Heute hält sie 25 Nager, früher waren es einmal 50. Aus Zeitgründen musste sie ihre Zucht ein wenig reduzieren. "Aber ans Aufhören denke ich nicht", versichert die 35-Jährige. Das gefällt auch ihrem siebenjährigen Sohn Robin. Besonders frisch geborene Chinchilla-Babys – sie sind etwa handgroß – haben es dem Grundschüler angetan. Nachwuchs kann er mehrmals im Jahr bestaunen.

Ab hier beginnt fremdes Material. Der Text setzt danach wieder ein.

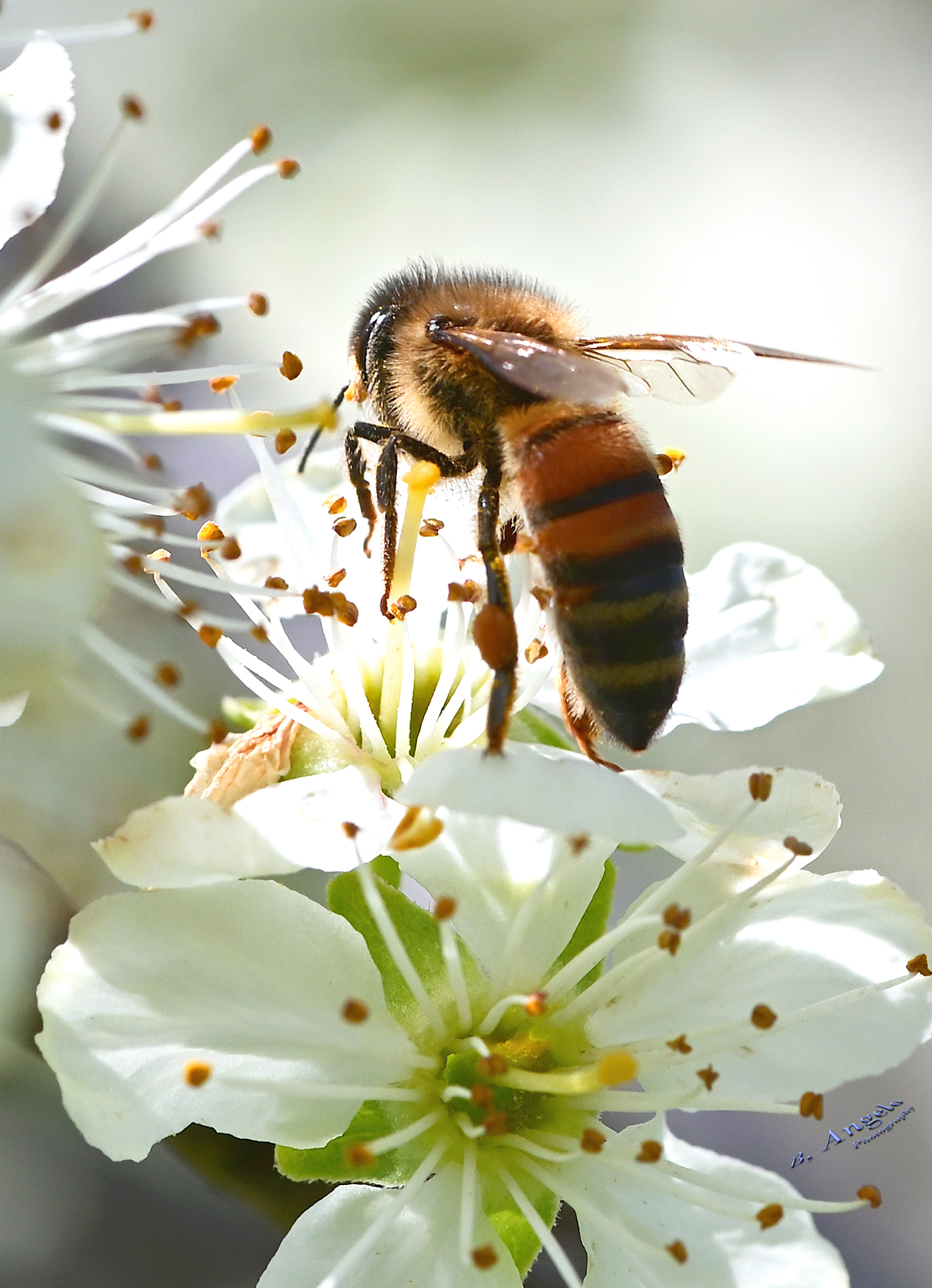 " Impollinatrice "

111 Tage tragen Chinchillas ihre Jungen. Doch nicht nur der Weg bis zur Geburt ist es, der Stefanie Wilson fasziniert. "Das gesamte Sozialverhalten der Tiere ist enorm spannend", sagt Wilson. Eines gibt sie Leuten, die Tiere aus ihrer Zucht kaufen, mit auf den Weg. "Chinchillas sind keine Kuscheltiere. Sie sind eher Tiere, deren Verhalten man wunderbar beobachten kann."

Auch davon, einen Chinchilla im Kinderzimmer zu halten, rät die erfahrene Züchterin ab. "Das könnte nachts zu laut sein", meint Wilson. Anders gesagt: Es könnte klingen, als mache da jemand Holzarbeiten. Doch hält man die Tiere artgerecht, seien sie eine echte Bereicherung.